Cronbach alpha of structured viva was α = 0.80 compared to α = 0.50 to the traditional viva as described by Madhukumar et al. in 2022, while it was α = 0.75 as described by Anastaki et al. [1, 19]. It reached as high as α = 0.79 for parts of Jefferies et al. 2011 exam of postgraduate training [21]. Cronbach alpha is considered high when it is (0.8 or more), all reviewed studies had relatively high values of Cronbach alpha which indicates good reliability of structured viva as an assessment tool in health professions education.
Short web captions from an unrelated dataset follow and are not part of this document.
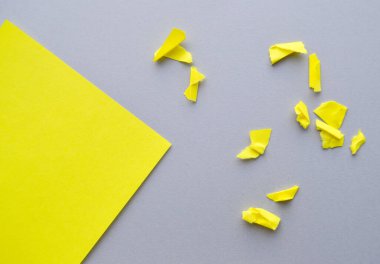 Gri arkaplandaki boşluğun bir kopyasının olduğu köşe YELLOW kağıdı ve küçük yırtık ve buruşuk kağıt parçaları, tasarımınız için bir şablon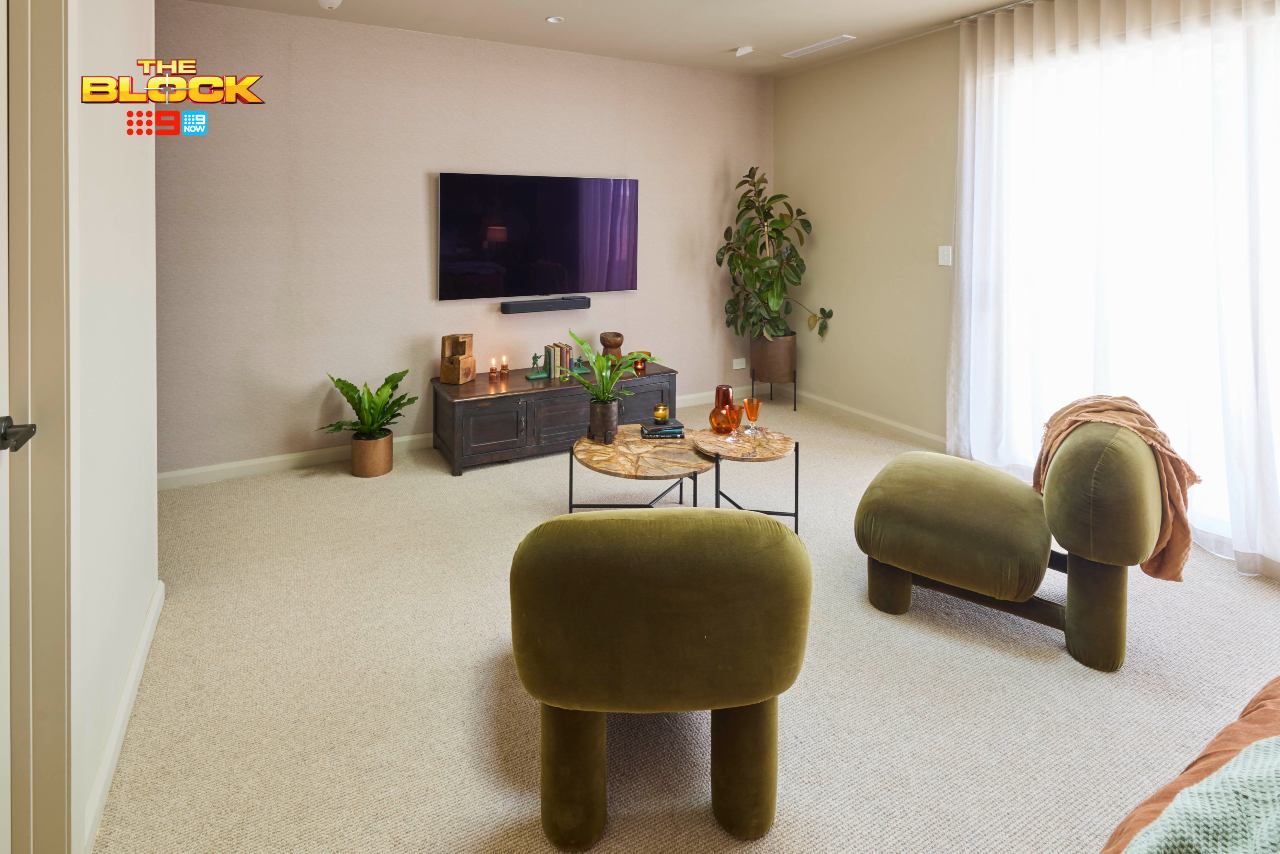 the block 2025 guest bedroom reveals robby and mat green armchairs facing tv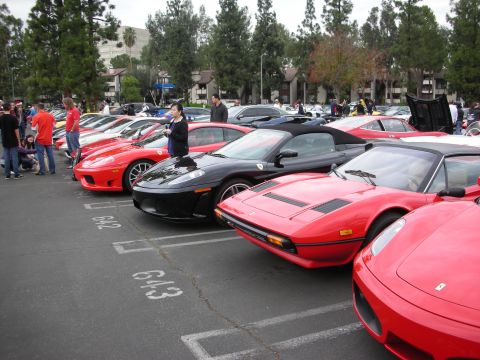 1998 Ford Crown Victoria - A gathering of sports cars, including Ferraris, parked in a lot with spectators present.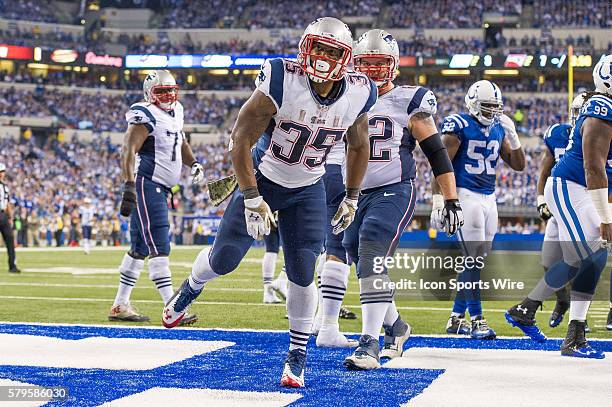 New England Patriots running back Jonas Gray spikes the ball after a touchdown during a football game between the Indianapolis Colts and New England...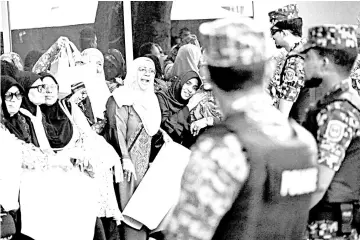  ?? — Reuters photo ?? Maldives opposition supporters protest demanding the arrest of defeated President Abdulla Yameen as the Supreme Court of the Maldives began to hear a petition challengin­g the outcome of last’s month election in Male on Sunday.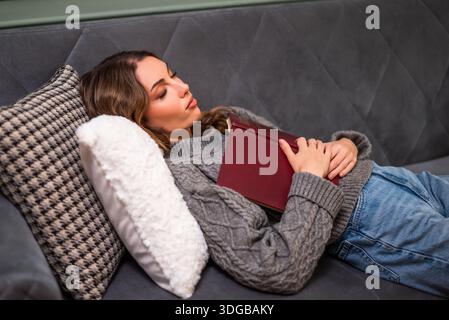 Young woman fell asleep while reading book at home. She is relaxing on her bed. Stock Photo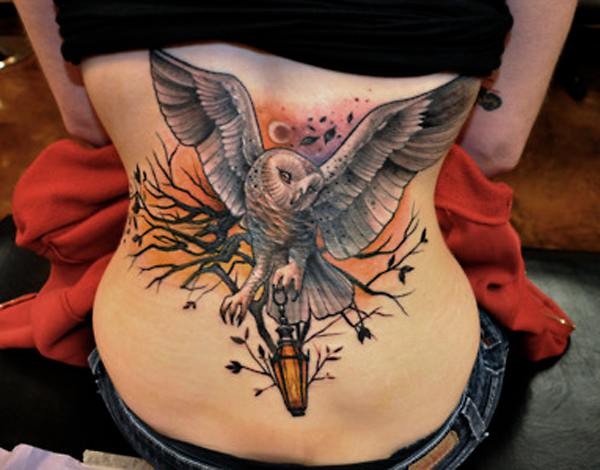 美女腰部很酷流行的猫头鹰纹身图片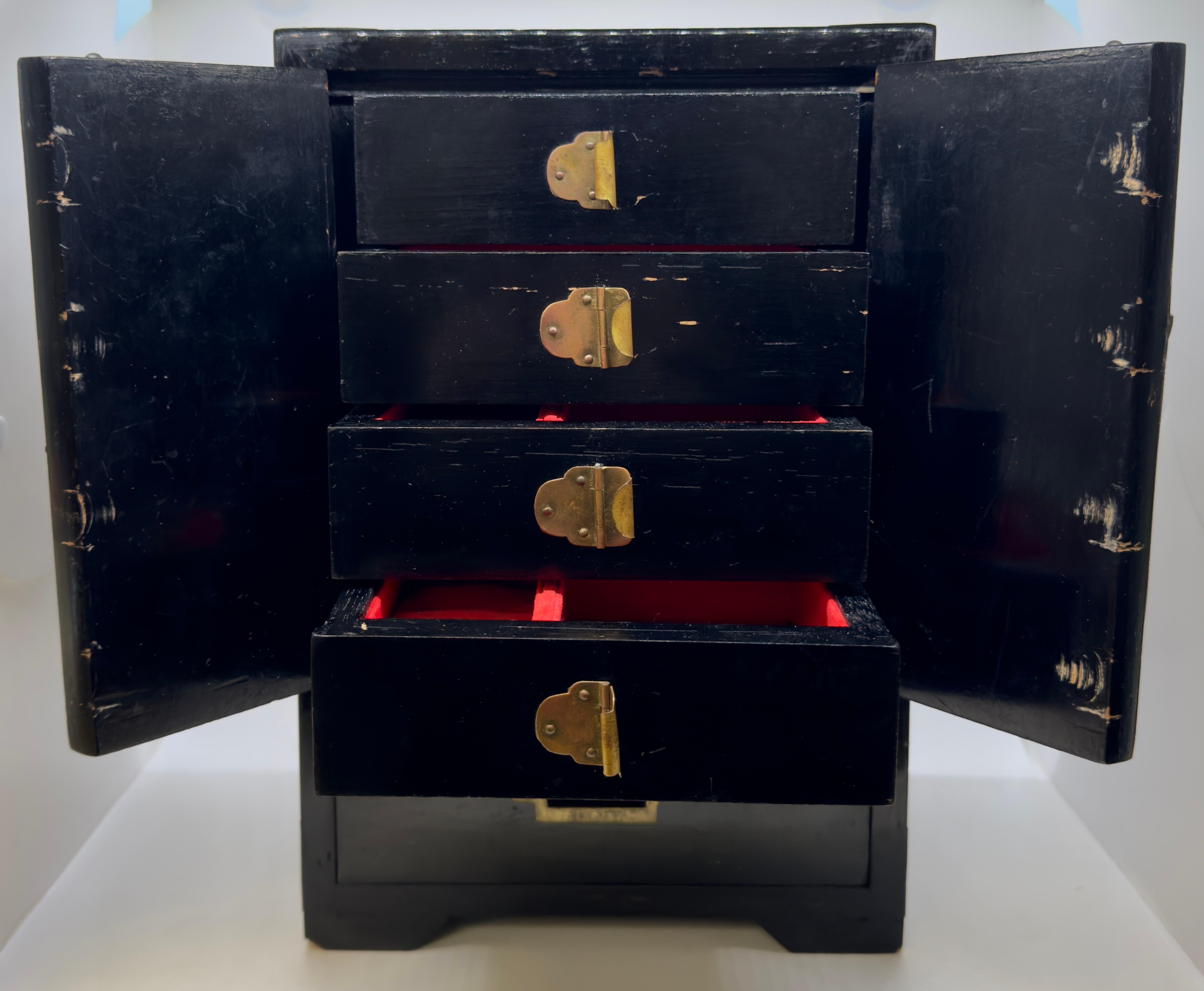 A Chinoiserie lacquered jewelry chest in striking black. The chest features two doors adorned with graceful women figures facing aha other. Upon opening these doors, a treasure trove awaits within—four small drawers delicately crafted to house your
The reliability coefficient may be used to measure the reliability [5]. In the study by Tutton et al. reliability coefficient was (0.7 to 0.8) for the use of a structured rating procedure for viva compared to (0.3 to 0.4) for unstructured viva exam while the multiple-choice test questions (MCQs) is usually (> 0.8) [5]. These high values of reliability coefficient compared with low values for unstructured or traditional viva indicates the superiority of structured viva over traditional viva in terms of reliability.

A study showed significant Inter-rater reliability for each pair of examiners (r = 0.78 to 0.91; p < 0.0001) [16]. One study by Hye Rin Roh et al. stated the inter-rater agreement percentage was 86.7% in their structured viva exam [22]. Another study showed Correlations of > 0.4 in 80% of the scores and > 0.7 in 50% indicating fair to good intra-rater and inter-rater reliability using the structured oral format [34].
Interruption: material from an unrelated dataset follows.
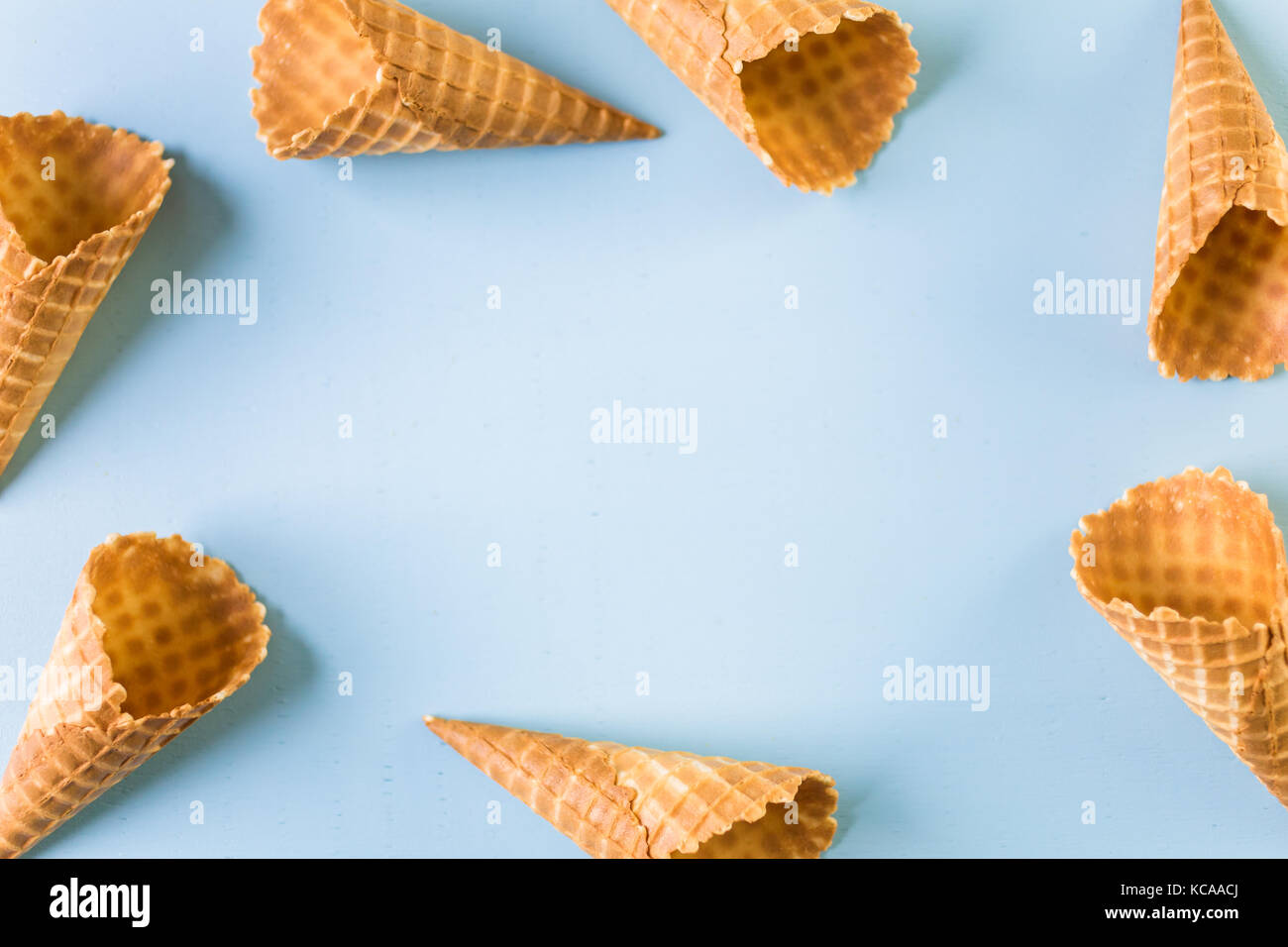 Waffle ice cream cones with scoops of ice cream on a blue background ...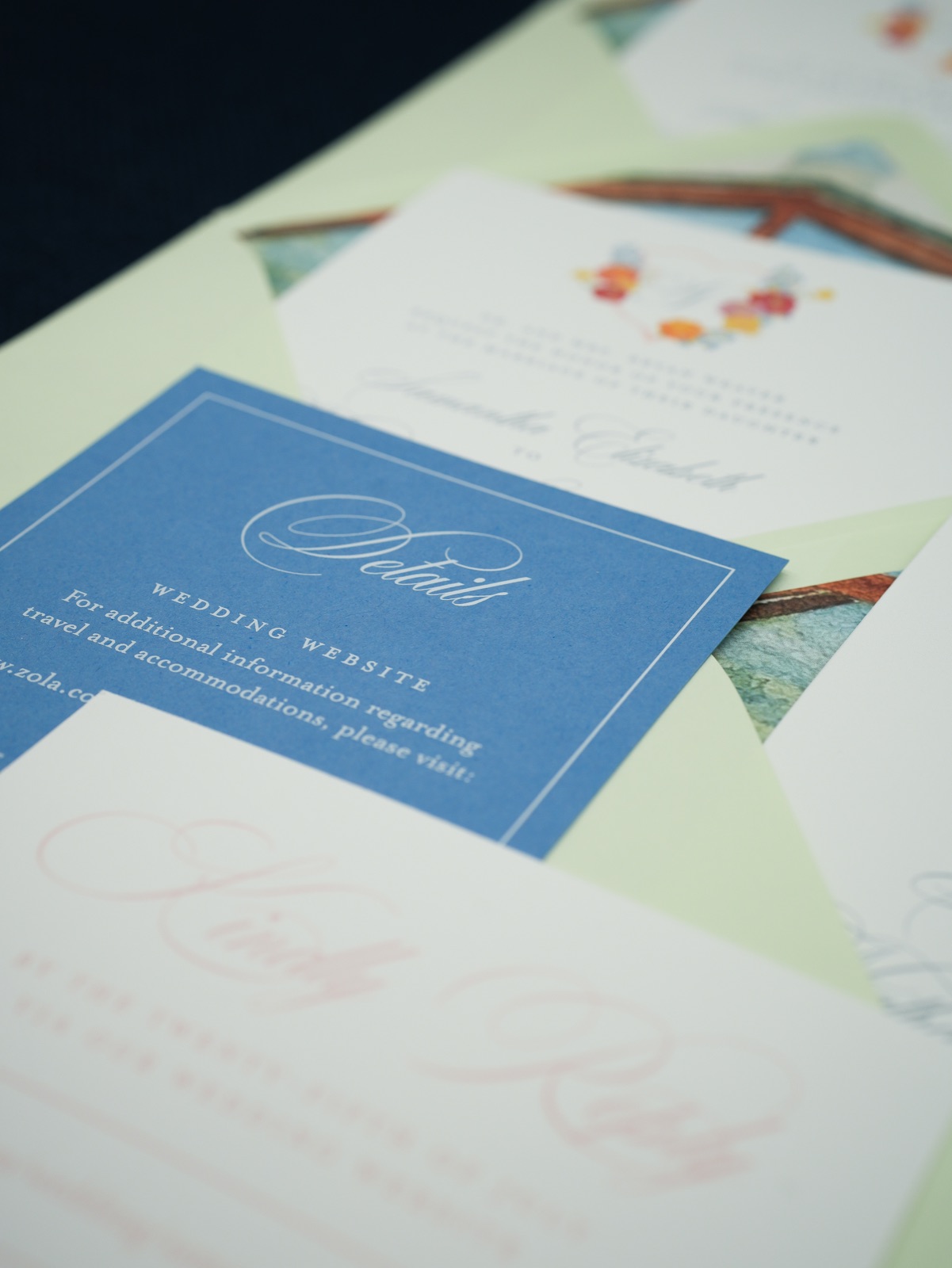 The French blue details card over the blush reply card.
Overall judgment after review of the studies is that structured viva has acceptable and good reliability when compared to traditional viva which has low reliability.

Acceptability

Health professions education is in the era of “Constructivism” and “adult learning theories” where the learners are; self-motivated, problem-based, aware, and have the rights to be involved in the curriculum delivery and assessment tools [1]. This important cornerstone in modern health professions education raised the term “acceptability”.

It is vital for the educational procedure that the learners should be involved and highly accept learning methods and assessment tools. Learners’ acceptability to the new assessment tool, for example, structured viva compared to the traditional or conventional viva vary from a high acceptance rate to a low acceptance rate throughout the published studies, thus it was important to calculate one overall acceptance percentage.

Overall acceptability or the learners’ perception – that the assessment tool is clear, fair, reasonable level of difficulty, acceptance to introduce it in the curriculum or overall acceptance - of structured viva was calculated using the forest plot of 12 researches numeric data in OpenMeta [Analyst] app version Windows 10 and it was (79.8%, P < 0.001) using binary random-effects model due to the heterogeneity of the data (I^2 = 93.506, P < 0.001). This around 80% acceptability rate is considered high and reasonable for an assessment tool i.e. the majority of the participants or the examinees accept structured viva and commented positively regarding it.

Finally, after these results in addition to the traditional viva value of testing higher cognitive levels, problem-solving and communication skills: structured relatively have high acceptability, good validity, and reliability. This outcome makes structured viva a successful alternative preserving traditional viva pros of testing higher cognitive levels and adding to it; validity, reliability, and acceptability thus eliminating its cons.

Limitations

There were few studies that systematically calculated structured viva statistical parameters of the validity and reliability; thus, the meta-analysis effect size could not be calculated for the validity and reliability. Also, there was limited access to some of the published studies.

Conclusion

This review showed that structured viva has acceptable validity and reliability as an assessment tool in health professions education compared to traditional viva. There was high learners’ acceptability of structured viva among learners in health professions education who participated as examinees in structured viva. The researchers recommend converting all traditional viva to structured viva/oral exams to be fair and to avoid subjectivity, low validity, and reliability. More researches should be done to calculate the overall statistical effect size for validity and reliability.